## Supplied data
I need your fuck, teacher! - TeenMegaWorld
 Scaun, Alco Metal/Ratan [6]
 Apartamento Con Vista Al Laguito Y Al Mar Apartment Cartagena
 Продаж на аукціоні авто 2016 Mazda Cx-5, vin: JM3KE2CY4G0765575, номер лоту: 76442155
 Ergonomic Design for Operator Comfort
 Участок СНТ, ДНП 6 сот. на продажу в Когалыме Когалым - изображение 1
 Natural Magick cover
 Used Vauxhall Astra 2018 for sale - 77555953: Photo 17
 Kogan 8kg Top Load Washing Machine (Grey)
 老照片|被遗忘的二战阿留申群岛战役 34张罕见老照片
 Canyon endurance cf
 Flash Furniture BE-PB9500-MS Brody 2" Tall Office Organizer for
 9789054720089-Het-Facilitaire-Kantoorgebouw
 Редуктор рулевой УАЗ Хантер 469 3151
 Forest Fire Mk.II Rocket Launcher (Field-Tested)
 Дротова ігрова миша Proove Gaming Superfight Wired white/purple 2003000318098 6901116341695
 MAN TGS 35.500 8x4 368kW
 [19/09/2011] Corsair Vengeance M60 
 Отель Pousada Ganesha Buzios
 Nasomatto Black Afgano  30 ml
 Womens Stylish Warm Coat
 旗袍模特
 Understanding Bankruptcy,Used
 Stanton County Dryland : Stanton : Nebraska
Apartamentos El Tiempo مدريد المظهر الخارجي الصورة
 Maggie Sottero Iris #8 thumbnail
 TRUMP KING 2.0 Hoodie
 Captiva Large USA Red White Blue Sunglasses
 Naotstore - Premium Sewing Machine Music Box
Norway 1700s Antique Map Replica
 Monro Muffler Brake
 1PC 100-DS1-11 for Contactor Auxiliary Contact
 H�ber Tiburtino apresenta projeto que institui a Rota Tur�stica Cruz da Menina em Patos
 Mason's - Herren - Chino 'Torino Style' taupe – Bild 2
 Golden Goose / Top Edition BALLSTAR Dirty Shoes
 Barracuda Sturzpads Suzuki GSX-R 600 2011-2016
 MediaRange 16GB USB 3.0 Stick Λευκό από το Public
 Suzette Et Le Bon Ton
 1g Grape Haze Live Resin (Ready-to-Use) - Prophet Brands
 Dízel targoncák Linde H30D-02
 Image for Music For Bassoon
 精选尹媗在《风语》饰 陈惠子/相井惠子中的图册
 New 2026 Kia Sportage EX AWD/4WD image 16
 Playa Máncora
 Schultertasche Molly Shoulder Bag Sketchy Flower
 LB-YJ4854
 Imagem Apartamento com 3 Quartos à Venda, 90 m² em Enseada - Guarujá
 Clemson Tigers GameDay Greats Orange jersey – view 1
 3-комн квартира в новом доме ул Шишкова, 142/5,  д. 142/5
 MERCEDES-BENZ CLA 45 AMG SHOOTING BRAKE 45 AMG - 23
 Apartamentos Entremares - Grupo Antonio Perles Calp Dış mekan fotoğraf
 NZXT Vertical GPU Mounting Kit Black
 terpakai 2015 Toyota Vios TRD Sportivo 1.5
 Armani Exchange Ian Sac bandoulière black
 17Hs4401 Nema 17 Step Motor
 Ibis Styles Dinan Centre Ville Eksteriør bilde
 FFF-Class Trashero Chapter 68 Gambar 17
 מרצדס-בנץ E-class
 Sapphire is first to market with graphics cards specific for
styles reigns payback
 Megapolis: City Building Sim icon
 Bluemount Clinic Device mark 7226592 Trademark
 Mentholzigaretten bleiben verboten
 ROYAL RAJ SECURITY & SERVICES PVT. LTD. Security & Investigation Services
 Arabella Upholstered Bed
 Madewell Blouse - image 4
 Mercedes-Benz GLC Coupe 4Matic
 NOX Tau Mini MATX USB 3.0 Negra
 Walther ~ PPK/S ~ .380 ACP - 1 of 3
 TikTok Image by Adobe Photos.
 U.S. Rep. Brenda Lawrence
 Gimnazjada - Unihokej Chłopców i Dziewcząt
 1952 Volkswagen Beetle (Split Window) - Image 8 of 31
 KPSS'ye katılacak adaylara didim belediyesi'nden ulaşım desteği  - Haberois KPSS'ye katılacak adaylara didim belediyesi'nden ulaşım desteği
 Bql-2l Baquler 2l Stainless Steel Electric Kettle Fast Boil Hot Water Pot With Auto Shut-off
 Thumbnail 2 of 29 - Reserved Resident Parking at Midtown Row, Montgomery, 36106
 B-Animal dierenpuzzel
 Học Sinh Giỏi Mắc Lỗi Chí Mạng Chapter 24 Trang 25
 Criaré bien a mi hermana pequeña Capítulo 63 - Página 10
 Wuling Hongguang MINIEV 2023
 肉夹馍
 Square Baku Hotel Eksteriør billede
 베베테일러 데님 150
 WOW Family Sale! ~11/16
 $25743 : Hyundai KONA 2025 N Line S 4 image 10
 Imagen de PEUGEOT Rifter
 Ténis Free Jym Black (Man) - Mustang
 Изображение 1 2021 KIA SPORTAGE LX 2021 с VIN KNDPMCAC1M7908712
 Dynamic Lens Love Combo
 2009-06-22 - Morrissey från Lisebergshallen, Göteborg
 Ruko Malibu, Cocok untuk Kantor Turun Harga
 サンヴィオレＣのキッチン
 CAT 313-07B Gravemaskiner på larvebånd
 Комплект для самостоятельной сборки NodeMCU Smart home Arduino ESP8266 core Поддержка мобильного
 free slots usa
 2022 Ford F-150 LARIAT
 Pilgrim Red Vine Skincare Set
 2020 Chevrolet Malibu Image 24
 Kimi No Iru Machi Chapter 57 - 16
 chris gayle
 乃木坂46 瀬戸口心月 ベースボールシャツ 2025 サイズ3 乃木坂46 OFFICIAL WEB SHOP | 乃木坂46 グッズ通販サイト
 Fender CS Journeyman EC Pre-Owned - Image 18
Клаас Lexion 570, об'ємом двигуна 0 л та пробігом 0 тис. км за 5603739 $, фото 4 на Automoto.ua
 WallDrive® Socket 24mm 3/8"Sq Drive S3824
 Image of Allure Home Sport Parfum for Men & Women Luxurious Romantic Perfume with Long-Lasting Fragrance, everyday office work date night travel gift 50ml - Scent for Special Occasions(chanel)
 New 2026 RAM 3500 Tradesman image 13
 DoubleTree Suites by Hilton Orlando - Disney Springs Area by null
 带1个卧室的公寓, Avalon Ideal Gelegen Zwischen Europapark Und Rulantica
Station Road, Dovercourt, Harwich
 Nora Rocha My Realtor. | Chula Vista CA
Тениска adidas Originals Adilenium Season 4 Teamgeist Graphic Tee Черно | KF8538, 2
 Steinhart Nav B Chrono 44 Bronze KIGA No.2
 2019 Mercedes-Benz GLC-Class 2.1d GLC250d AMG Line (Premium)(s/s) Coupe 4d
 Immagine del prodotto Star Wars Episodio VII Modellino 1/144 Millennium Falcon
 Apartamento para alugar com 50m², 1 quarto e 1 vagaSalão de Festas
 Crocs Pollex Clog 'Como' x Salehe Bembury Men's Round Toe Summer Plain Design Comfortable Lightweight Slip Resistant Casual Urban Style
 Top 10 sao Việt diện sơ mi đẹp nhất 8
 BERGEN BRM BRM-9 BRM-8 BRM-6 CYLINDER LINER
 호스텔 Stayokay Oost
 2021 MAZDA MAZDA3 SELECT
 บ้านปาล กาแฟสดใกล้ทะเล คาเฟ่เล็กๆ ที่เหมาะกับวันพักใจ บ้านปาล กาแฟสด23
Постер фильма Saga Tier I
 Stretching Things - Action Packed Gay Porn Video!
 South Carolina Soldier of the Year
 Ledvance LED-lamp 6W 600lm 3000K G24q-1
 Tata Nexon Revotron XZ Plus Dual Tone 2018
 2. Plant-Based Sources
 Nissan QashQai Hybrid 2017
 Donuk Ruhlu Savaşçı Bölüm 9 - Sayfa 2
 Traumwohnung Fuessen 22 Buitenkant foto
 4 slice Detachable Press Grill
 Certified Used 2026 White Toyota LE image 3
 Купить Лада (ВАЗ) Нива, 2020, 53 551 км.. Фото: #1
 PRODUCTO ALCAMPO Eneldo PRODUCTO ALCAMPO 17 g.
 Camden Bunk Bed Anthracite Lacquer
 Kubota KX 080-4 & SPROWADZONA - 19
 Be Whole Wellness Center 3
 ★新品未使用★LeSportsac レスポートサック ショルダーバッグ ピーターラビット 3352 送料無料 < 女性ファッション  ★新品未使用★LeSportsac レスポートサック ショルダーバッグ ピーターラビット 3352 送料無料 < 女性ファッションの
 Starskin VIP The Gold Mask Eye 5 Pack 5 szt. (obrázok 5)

## Exercise
If a line in the data contains the string "Eksteriør", copy it.

## Answer area
 Ibis Styles Dinan Centre Ville Eksteriør bilde
 Square Baku Hotel Eksteriør billede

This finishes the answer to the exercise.